Em outras palavras, que liberte o futebol do Estado-financiador, tal qual se manifesta no Brasil, mediante iniciativa do Estado-Legislador.
Esse é o propósito do Capítulo XVII do PL 5.082/16, que institui a sociedade anônima do futebol (SAF). Ele cria o programa de desenvolvimento educacional e social, por meio da celebração de convênios entre a SAF e escolas públicas.
Os objetivos do convênio devem ser: (i) incentivo à assiduidade de crianças e jovens matriculados em escolas públicas; (ii) incentivo ao envolvimento e interesse dos alunos nas atividades educacionais promovidas pela escola; e (iii) formação de jovens atletas do futebol.
Para que a SAF possa se beneficiar das contrapartidas previstas no PL 5.082/16, o convênio deve ser aprovado pelo Ministério da Educação.

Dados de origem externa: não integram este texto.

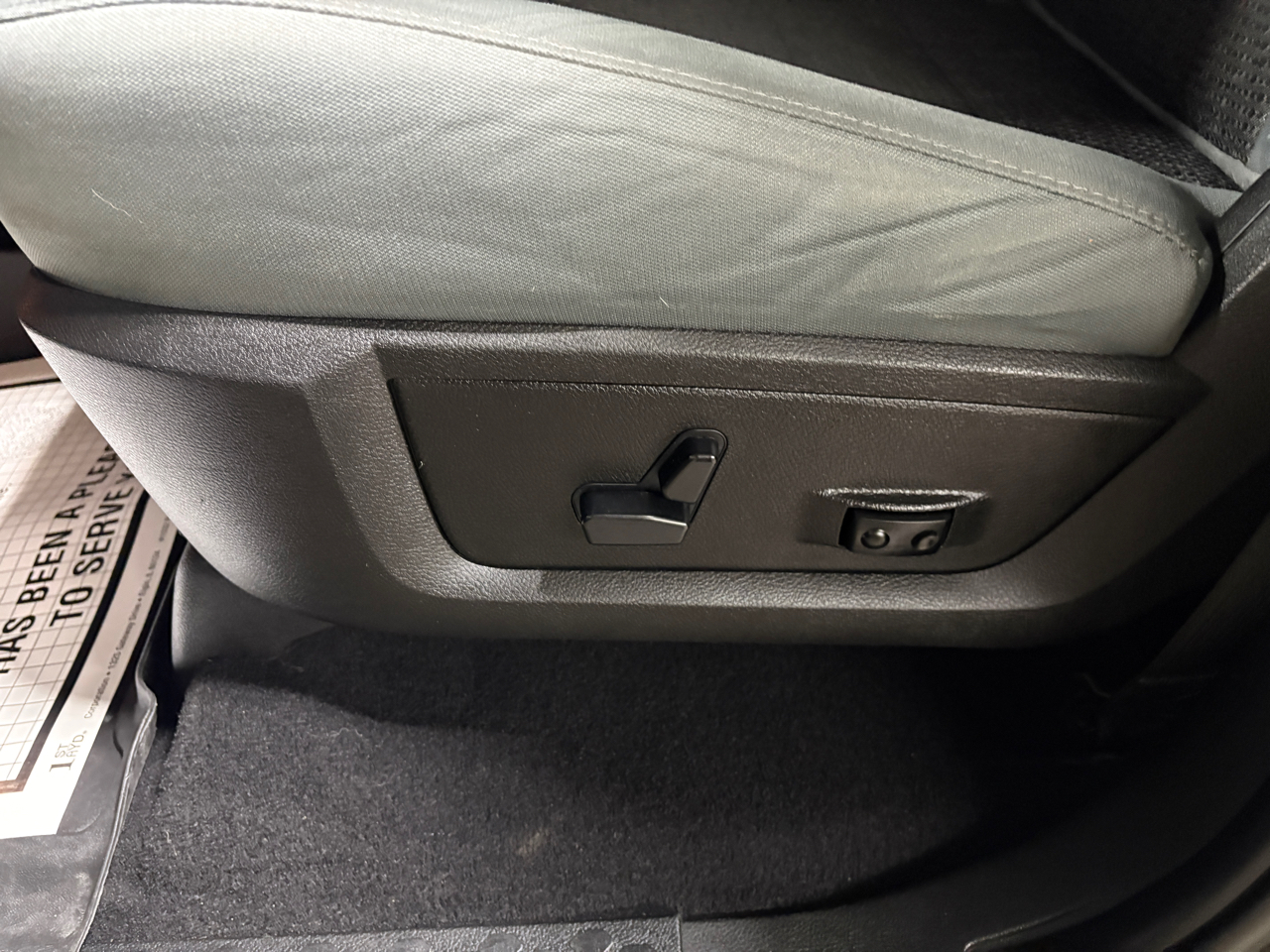 RAM 1500 Classic Warlock 4x4 Crew Cab 5'7" Box 2020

A aprovação depende da previsão de investimentos cumulativos, pela SAF: (i) na reforma ou construção, e manutenção, de quadra ou campo destinado à prática do futebol; (ii) na instituição de sistema de transporte das crianças e jovens qualificados à participação do convênio, quando a quadra ou campo não se localizar nas dependências da escola; (iii) na alimentação das crianças e jovens integrantes do convênio durante os períodos de recreação futebolística e de treinamento; (iv) na capacitação de ex-jogadores profissionais de futebol, para acompanhar as atividades no âmbito do convênio; e (v) na contratação de profissionais auxiliares, especialmente de preparadores-físicos, nutricionistas e psicólogos, para acompanhamento das atividades no âmbito do convênio.
Por outro lado, para que a criança possa participar do convênio, ela deverá estar regularmente matriculada na instituição conveniada, manter um nível de assiduidade às aulas regulares e padrão de aproveitamento definidos pelo Ministério da Educação.
Existe, portanto, um sistema de partidas e contrapartidas a todos os envolvidos.
Neste sentido, também se oferece à SAF uma contrapartida: a possibilidade de deduzir, do lucro tributável para fins de apuração do imposto sobre a renda devido, o triplo das despesas comprovadamente realizadas no período base, em convênios desenvolvidos na forma do PL 5.082/16.
Este modelo de dedução, aliás, já existe no sistema: foi concebido com base no Programa de Alimentação do Trabalhador, criado e mantido desde 1976, com o propósito de incrementar a dieta dos trabalhadores.
Concluindo, o PL 5.082/16 não se limita a conceber uma via de direito para organização do futebol no Brasil. Ele também reconhece a importância do esporte no plano social e propõe um instrumento colaborativo, a fim de atrair crianças para sala de aula. E, assim, contribuir para sua formação.